Data section START
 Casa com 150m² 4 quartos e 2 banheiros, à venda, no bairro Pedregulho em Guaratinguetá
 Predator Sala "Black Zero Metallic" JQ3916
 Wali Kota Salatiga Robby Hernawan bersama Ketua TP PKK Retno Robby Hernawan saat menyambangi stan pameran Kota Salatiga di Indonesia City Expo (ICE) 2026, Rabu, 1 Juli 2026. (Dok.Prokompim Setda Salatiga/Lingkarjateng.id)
Data section END
Assignment: Reproduce the listing above character for character.

Solution for this task:
 Casa com 150m² 4 quartos e 2 banheiros, à venda, no bairro Pedregulho em Guaratinguetá
 Predator Sala "Black Zero Metallic" JQ3916
 Wali Kota Salatiga Robby Hernawan bersama Ketua TP PKK Retno Robby Hernawan saat menyambangi stan pameran Kota Salatiga di Indonesia City Expo (ICE) 2026, Rabu, 1 Juli 2026. (Dok.Prokompim Setda Salatiga/Lingkarjateng.id)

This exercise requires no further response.